#### Short text fragments from websites:
=== Section Start ===

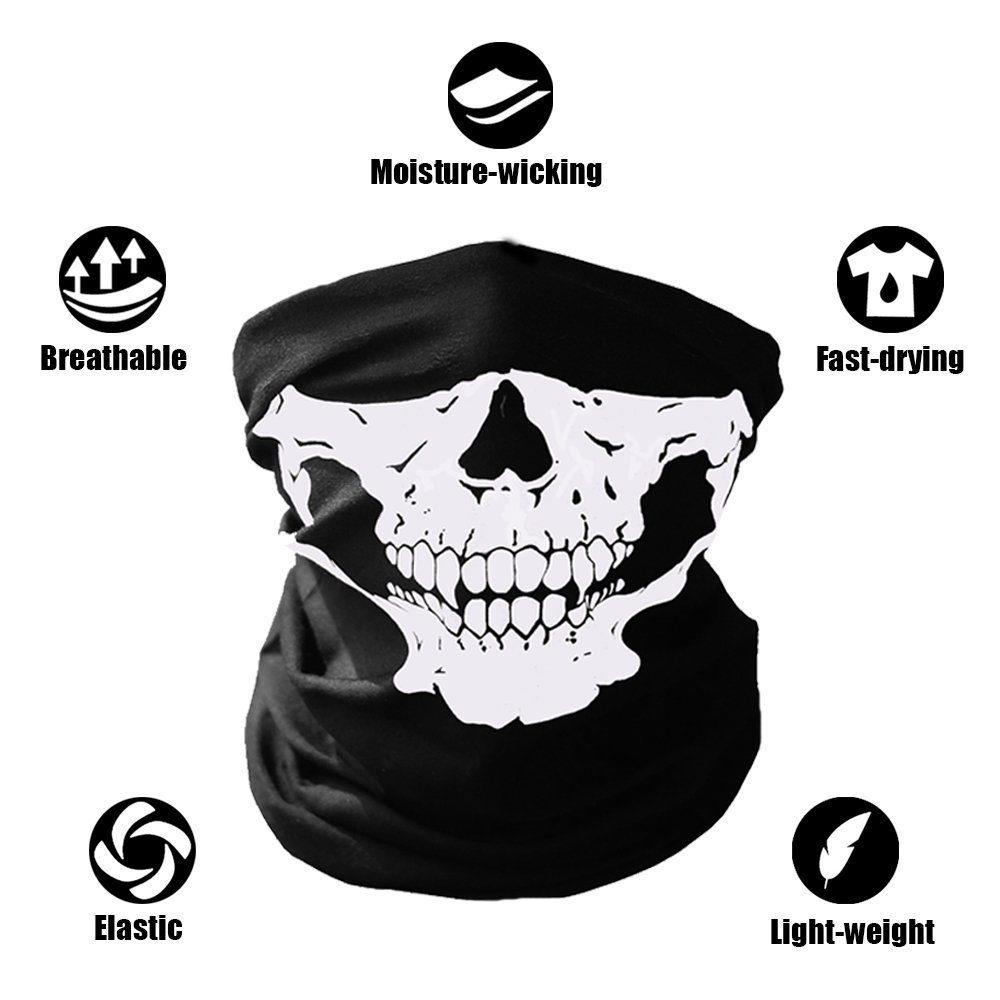 Cranio tubolare traspirante, Buff moto antivento antipolvere per escursionismo, ciclismo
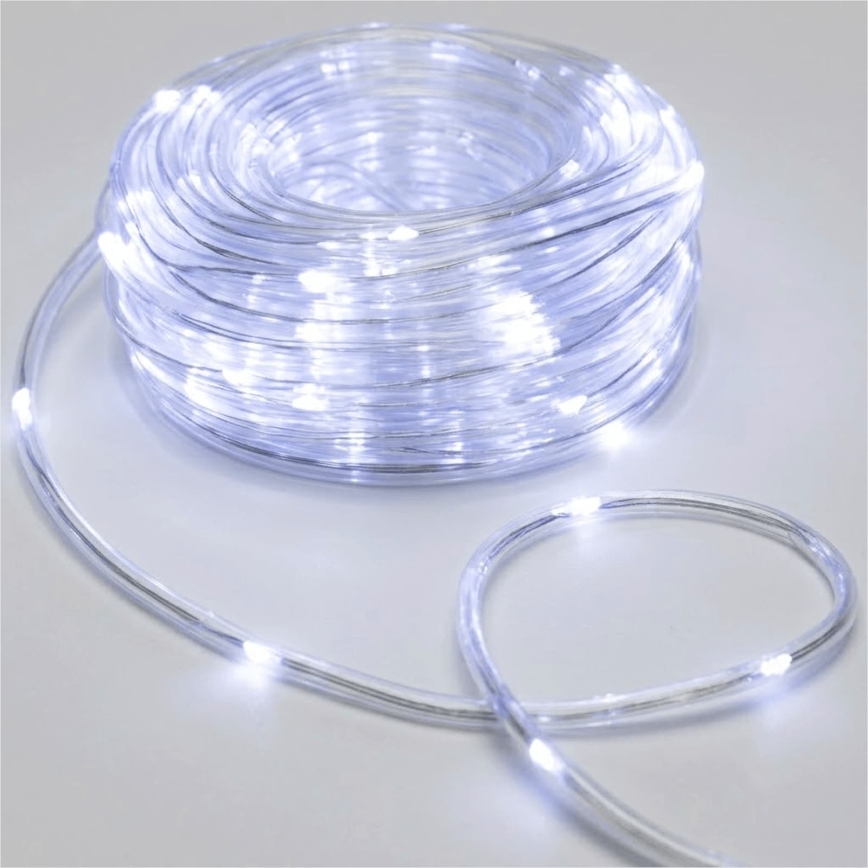 Aigostar - LED Външна коледна гирлянда 150xLED/8 функции 3xAA 15,3m IP44 студено бяло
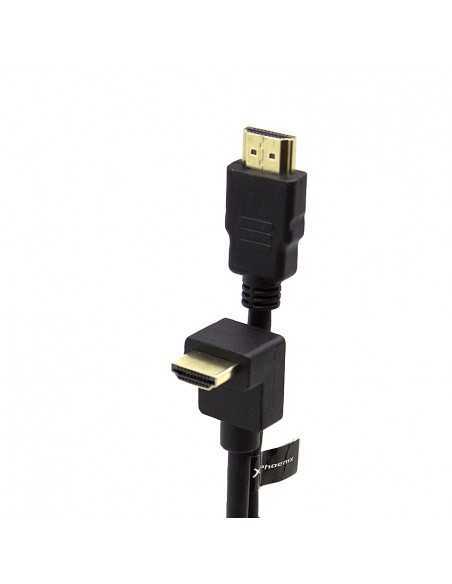 Cable hdmi a - a 90 grados awg 24 clase 2.0 de 1.8 m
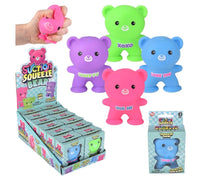 Squeezy Suction Bear 3 inch - ToyTime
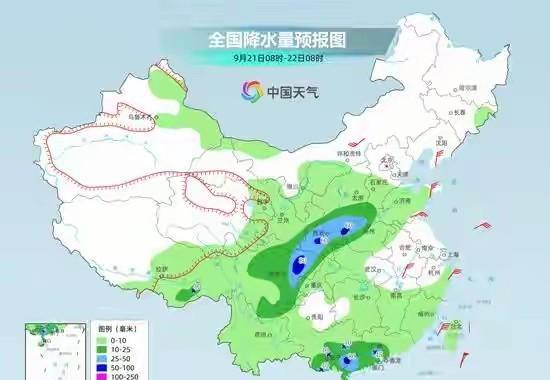台风已登陆，大雨暴雨特大暴雨中心已锁定！今晚-22日全国天气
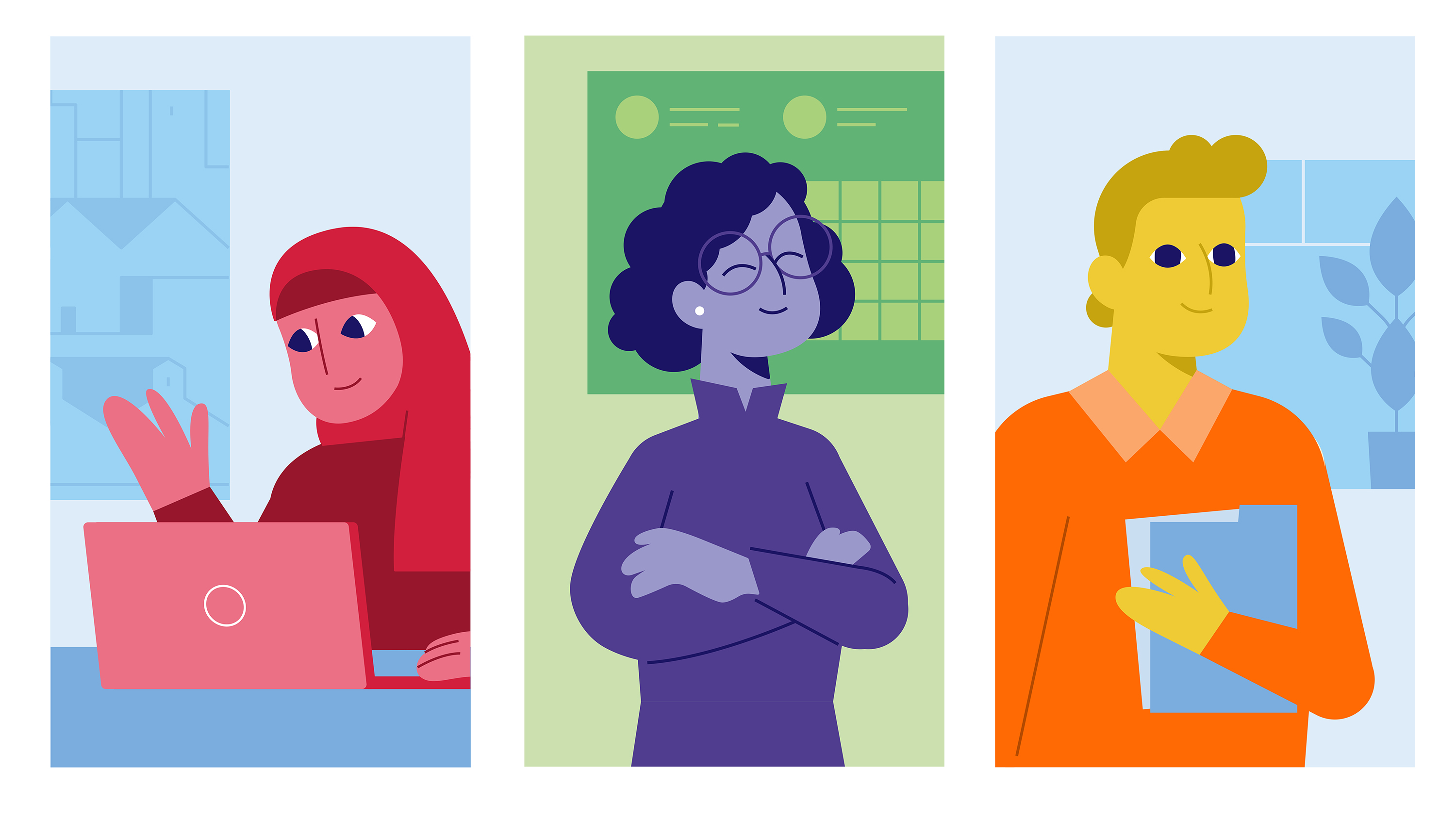 Kleurgebruik illustraties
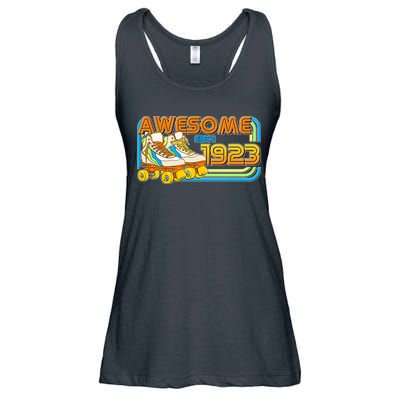 Retro Roller Skates Awesome Since 1923 100th Birthday Ladies Essential Flowy Tank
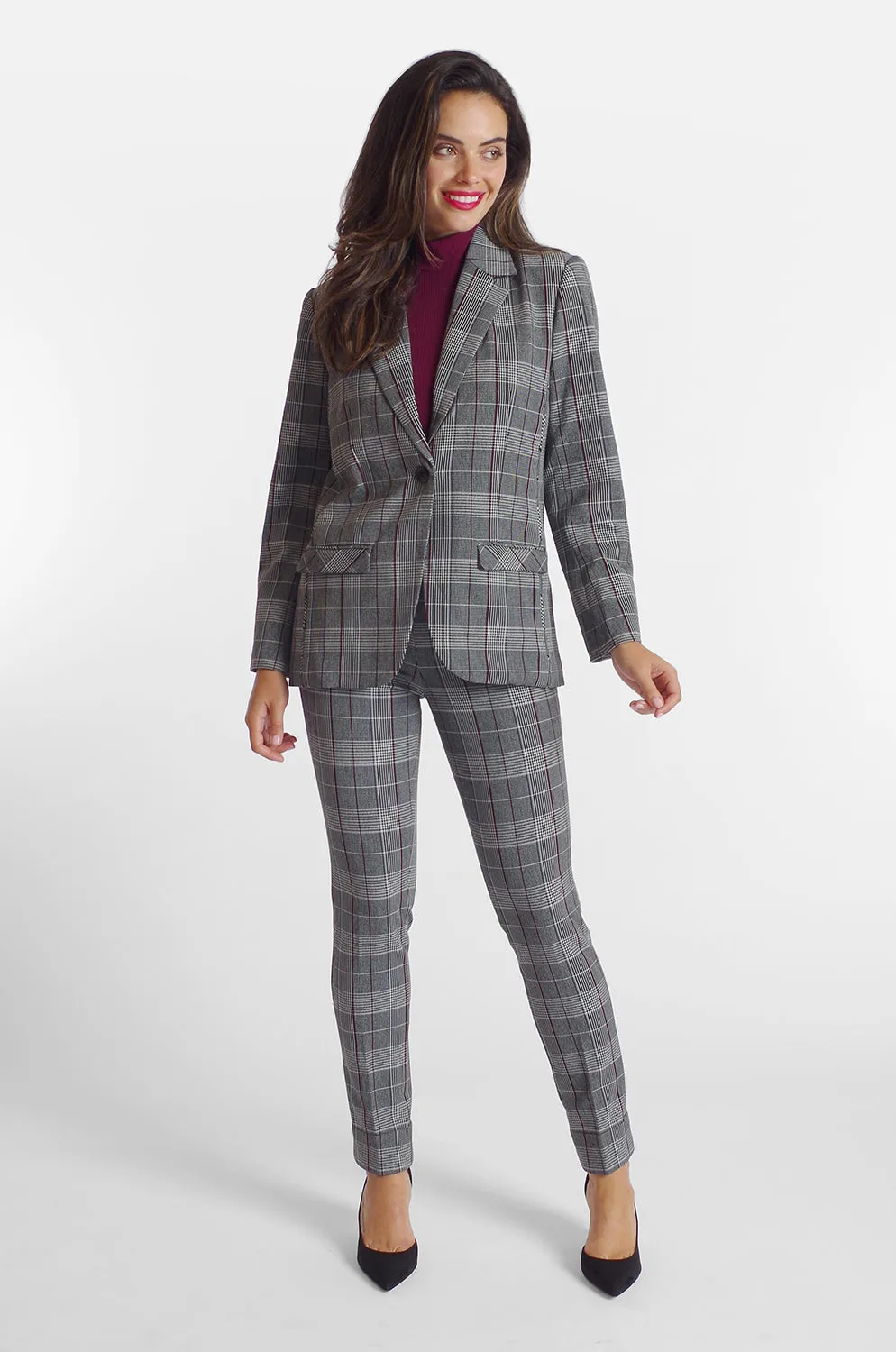 Harlow Jacket - Sussex Plaid: FINAL SALE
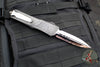 Marfione Custom Combat Troodon- Double Edge- Beskar Edition Handle- Mirror Polished Blade- Carbon Fiber Button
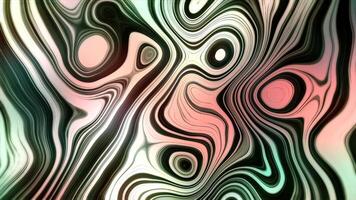 hypnotisk flytande mönster med blinkar. rörelse. skön bakgrund med rör på sig oval rader och flytande mönster. skön flytande mönster med rader och cirklar video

=== Section End ===

#### REQUIREMENT:
Reproduce precisely the lines of the entries above, from the one containing "Retro Roller Skates" through the final one, both ends included, and omit the pictures.

#### RESULT FOR THIS EXERCISE:
 Retro Roller Skates Awesome Since 1923 100th Birthday Ladies Essential Flowy Tank
 Harlow Jacket - Sussex Plaid: FINAL SALE
 Marfione Custom Combat Troodon- Double Edge- Beskar Edition Handle- Mirror Polished Blade- Carbon Fiber Button
 hypnotisk flytande mönster med blinkar. rörelse. skön bakgrund med rör på sig oval rader och flytande mönster. skön flytande mönster med rader och cirklar video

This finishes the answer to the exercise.